We've seen similar outages from AWS (Amazon Web Services), such as the one last year that took out Vine, Instagram, and Amazon.com itself. But we learn from each outage, and this particular outage teaches volumes. You can see that in the five types of responses the latest Azure outage has elicited.
1. The Microsoft response
Microsoft explained the day after the outage what exactly had happened. Apparently, a performance update for Azure Storage, initially tested on Azure's table-based storage, caused problems with the Azure blob-based storage with the "storage blob front ends going into an infinite loop," preventing them from taking on further traffic. The service froze, essentially.
The change was rolled back, but the front ends had to be rebooted, and the process of getting everyone back up and running took time. Microsoft issued the standard mea culpa with promises to improve recovery in the future and to enforce slower rollout batches to help lessen issues of this sort in the future.
2. The customer response
Customers, logically, were angry. They also were a touch frustrated. The outage itself doesn't necessarily cause all the anger and frustration -- It's the lack of communication that does it, as InfoWorld's Caroline Craig detailed in her post "In a cloud outage, no one can hear you scream." Guess what? All your Twitter followers can hear you scream.
Even though Microsoft has an Azure status page, it doesn't help anyone if you're offline or if the status isn't indicating a problem.
Clearly, Microsoft and other cloud providers need a better response for customers when an outage occurs. After all, outages are "inevitable," says Microsoft's chief reliability strategist, David Bills. As Ray Suelzer commented on Microsoft's Azure blog, "We understand that [outages] happen, but the human side of this could have been handled much better." I agree.
3. The cloud naysayer response
Any time we see such an outage from any cloud vendor, inevitably someone comments, "The outage raises serious questions about whether public cloud platforms are ready for mission-critical workloads."
For dev and test purposes (which are not mission critical), an outage doesn't cause lost business or a damaged reputation. It's one thing to have a hiccup, perhaps even a localized outage, but when it affects North America, Europe, and parts of Asia, as it did in this recent Azure outage, it legitimately calls into the question the public cloud's reliability.
It's obvious we need to see better resiliency in the service if businesses are to trust it. I'm confident Microsoft will get there, but not before we hit a few more "inevitable" bumps in the road.
4. The Manic Pixie Dream Girl response
The MPDG response takes a negative and finds a positive spin on it. One interesting MPDG comment I read for the Azure outage was that the fact that such an outrage is an indicator that Azure indeed has customers who are heavily invested in the service being up and running.
Ars Technica's Peter Bright was the MPDG in question here, and he wrote, "While complaints about downtime perhaps aren't the best advertising a service provider could hope for, it's much better than not having complaints because nobody's using your service in the first place." It's an interesting, albeit spin-doctored thought.

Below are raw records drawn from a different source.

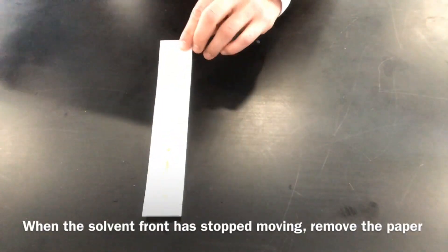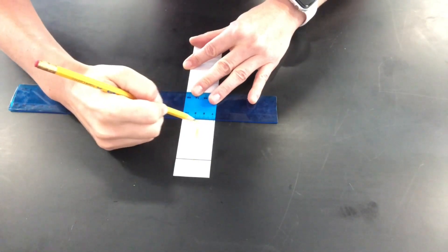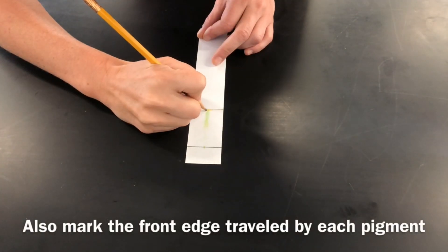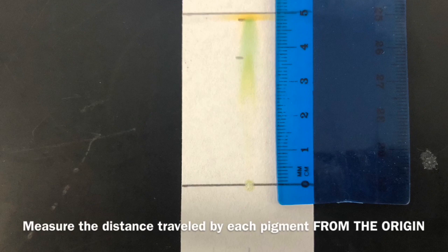The most important thing is to keep an eye on where the solvent front is. When the solvent front stops moving, mark where it went to with a pencil immediately. Then measure the distance it travelled from the point of origin — the original pencil line you drew on the chromatography paper. This is known as the distance travelled by the solvent front. Next, mark the front edge of each pigment colour and measure how far each pigment moved from the point of origin.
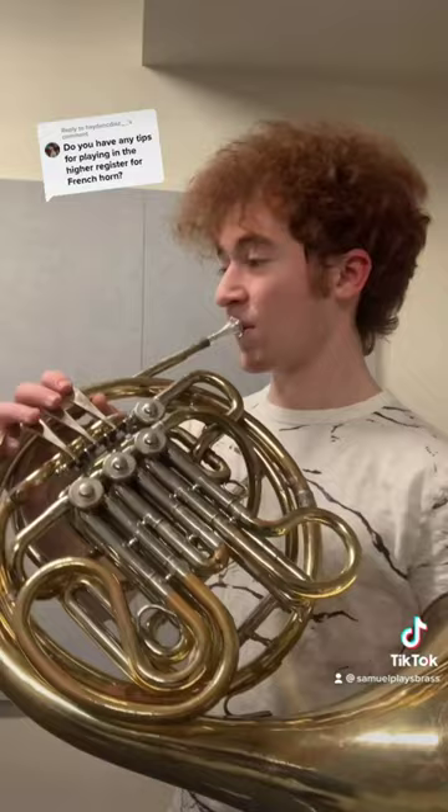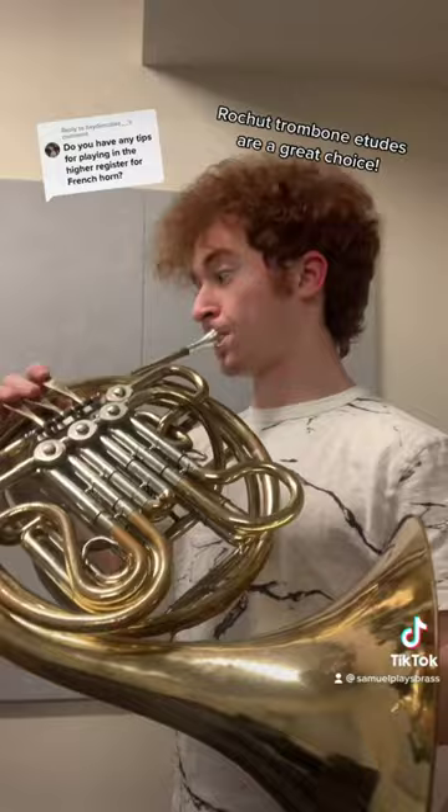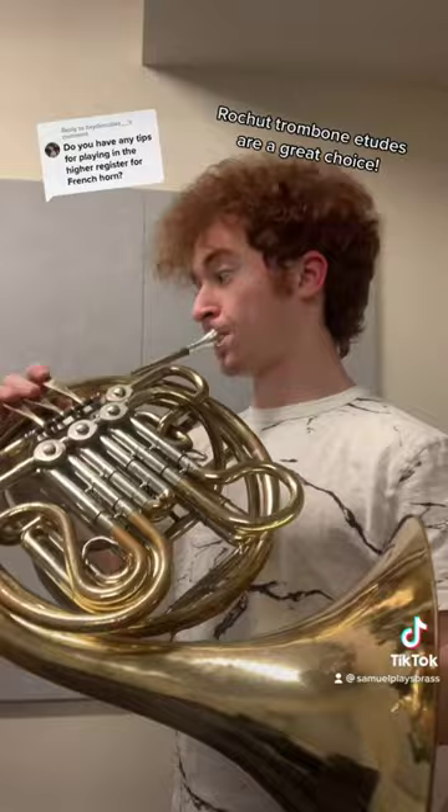Approach the high register from the middle register again, this time through music. What not to do: don't start up high. Work your way up there from the middle register, and make sure to go back down and touch the low register.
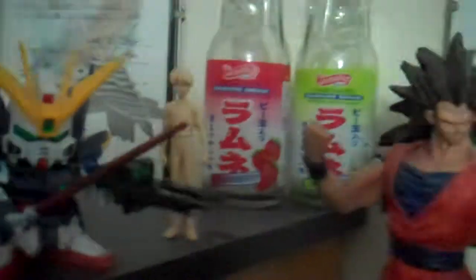You might notice I have the SD Astray Red Frame, and he's more in the front now. Back there is another unpainted Hiro Yui, which I'll show you in a second. But first, I want to go over the rest of this stuff. Him I pretty much painted a lot — instead of using the stickers, I painted the front skirt. He's still the same; might do a little lining on him, on the wings.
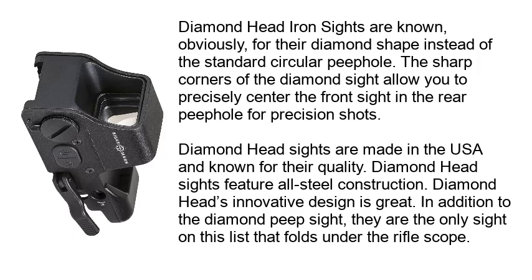Number 2: Diamond Head Iron Sights. Diamond Head Iron Sights are known for the diamond shape instead of the standard circular peephole. The sharp corners of the diamond sight allow you to precisely center the front sight in the rear peephole for precision shots. Diamond Head Sights are made in the USA, known for their quality, and feature all steel construction. Their innovative design is great, and in addition to the diamond peep sight, they are the only sight on this list that falls under the rifle scope category.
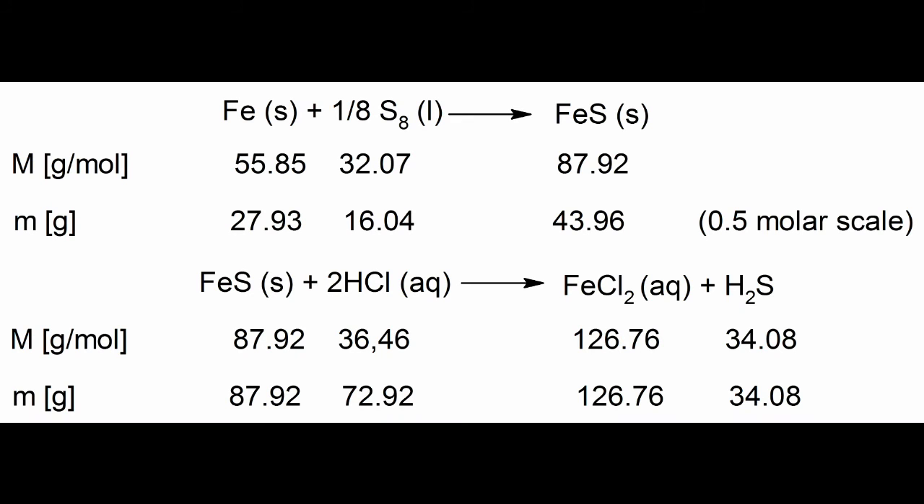Iron sulfide is a useful reagent for the preparation of hydrogen sulfide in the lab. As you can see, the reaction is very simple. Iron reacts with sulfur to form iron sulfide. So let's get started.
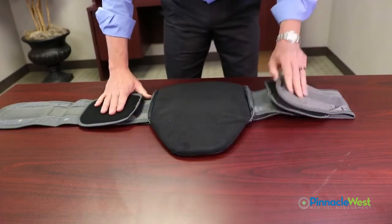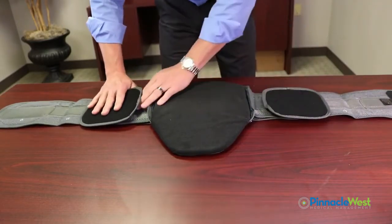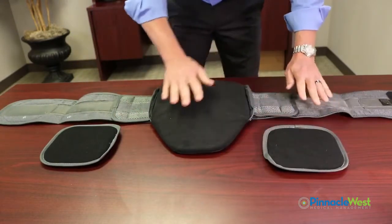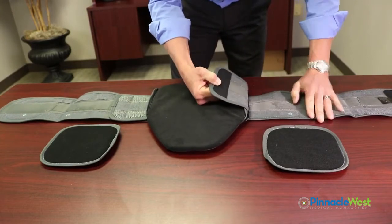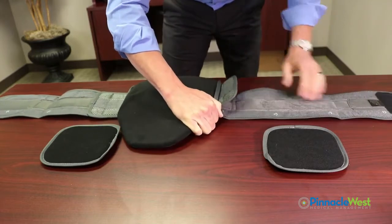These are the side panels. These side panels are what restricts the trunk from lateral bending. You need to take these off to size the patient. The other part about this brace is the Velcro — it can make the side panel longer or the side panel shorter.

5. My response: Be judiciously cautious
I've said it before and I'll say it again: Cloud services go down. It is, as Microsoft's Bills says, "inevitable." Should you thus pause before jumping in with both feet into the Azure infrastructure or services for your organization? Absolutely!
There are pros and cons to using something new or different. One con to being an early adopter is that you become a guinea pig that lives through the ups and downs until sufficient dependability is achieved. Being an early adapter isn't always rainbows and sunshine, so keep that in mind going in.
Azure is a maturing platform that many enterprises have put their trust in. You may be one of them. If so, it's your responsibility to let Microsoft know, clearly, when you are unhappy with the service or its communication to help it improve.
Improve it will. That, too, is "inevitable."